German companies are among the world’s leading tax avoiders

21.01.2020 | admin

The Fresenius case: Health company avoids taxes just like Amazon and Google

The Fresenius case: Health company avoids taxes just like Amazon and Google

When it comes to tax avoidance, the German DAX 30 company Fresenius is just as aggressive as the often-criticised US tech giants Apple, Amazon and Facebook. In the past ten years, Fresenius has avoided paying up to €2.9 billion in taxes worldwide through aggressive tax planning, and €8 billion of the group’s untaxed profits are held in offshore accounts. These findings are the result of a study carried out by the Centre for International Corporate Tax Accountability & Research (CICTAR) in cooperation with the European and global federations of public service unions (EPSU & PSI) and the Tax Justice Network.

Fresenius is represented in almost every well-known tax haven around the world, including the Cayman Islands, the British Virgin Islands, Hong Kong, Delaware, Singapore and Panama. The company uses this network of tax havens to shift profits and avoid higher corporate taxes in Germany and other countries. Intra-group debt is a key tool for tax avoidance: In 2017, the two Irish Fresenius subsidiaries made a profit of €47 million, despite having no employees, just by granting loans to group companies in Spain and the United States.

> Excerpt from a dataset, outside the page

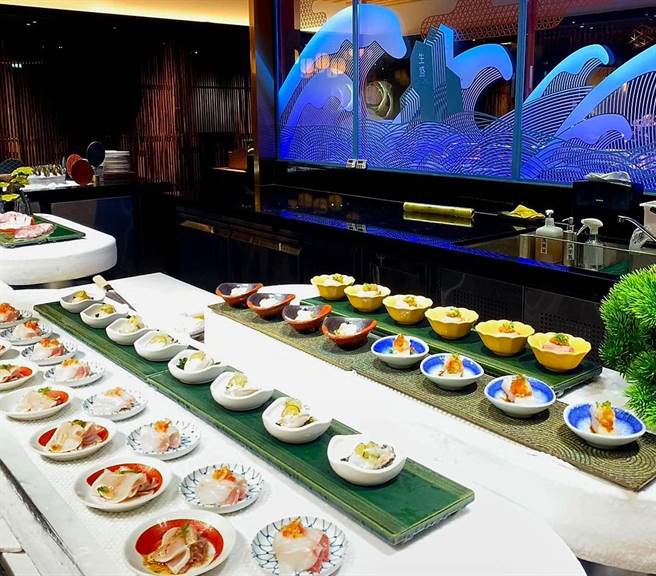 「旭集 和食集锦」在台北大叶高岛屋展店，今(26)日开幕，10月底前来客率近全满。(飨宾餐旅事业提供)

The CICTAR report makes it clear that profit shifting and transfer pricing are practices common to many multinational companies, including large German multinationals. Fresenius avoids its tax liability by reporting high profits where corporate taxes are low. In important markets such as Germany and the United States, profits are artificially reduced. Although Fresenius generates its sales primarily in countries with a corporate tax rate of at least 30 percent, the company's global tax rate in 2018, according the company’s own filings, was only 18.2 percent.

As a result of aggressive tax planning, society is being denied funds for much needed investment, not least in the health sector. Notably, Germany is among the countries which suffer the most. According to research carried out by Gabriel Zucman, Professor of Economics at the University of Berkeley and member of the Independent Commission on the Reform of International Corporate Taxation (ICRICT), Germany may lose more than any other EU country to European tax havens from transfer pricing.

Jan Willem Goudriaan, EPSU General Secretary calls on the Croatian Presidency and the European Council to take decisive action to close tax loopholes and accept public country-by-country reporting. “Since the Luxleaks scandal we have seen how many companies are dodging their due contribution. The Fresenius model presented today shows yet another company avoiding paying taxes. It appears as if the company obtained favourable tax rulings. We demand further investigation.”

It does not come as a surprise that Fresenius is engaged in aggressive tax avoidance given the company’s violation of workers’ rights outside of Germany and global patterns of corruption. The problem is that they have been able to get away with it. Governments must not continue to fund or support tax dodging, corrupt companies. It is imperative that tax loopholes are shut down and that the antiquated global tax system is changed so that essential public services, such as health care, can be adequately funded. Germany should support the EU proposal on public country-by-country reporting and push for a real reform of international corporate taxation rather than lowering its own corporate tax rates and equating national interest with the interests of big businesses.

Through aggressive tax planning, Fresenius is further jeopardising its reputation as a trustworthy health care company. Critics demand that the health care company correct its course and set a good example: "A company that is committed to the well-being of people and that generates its sales largely through government health care budgets should pay its taxes responsibly and transparently," says Christoph Trautvetter, a tax expert from the Tax Justice Network. A first step would be for Fresenius to dissolve its subsidiaries in tax havens and implement the new Global Reporting Initiative (GRI) standards for reporting on tax transparency.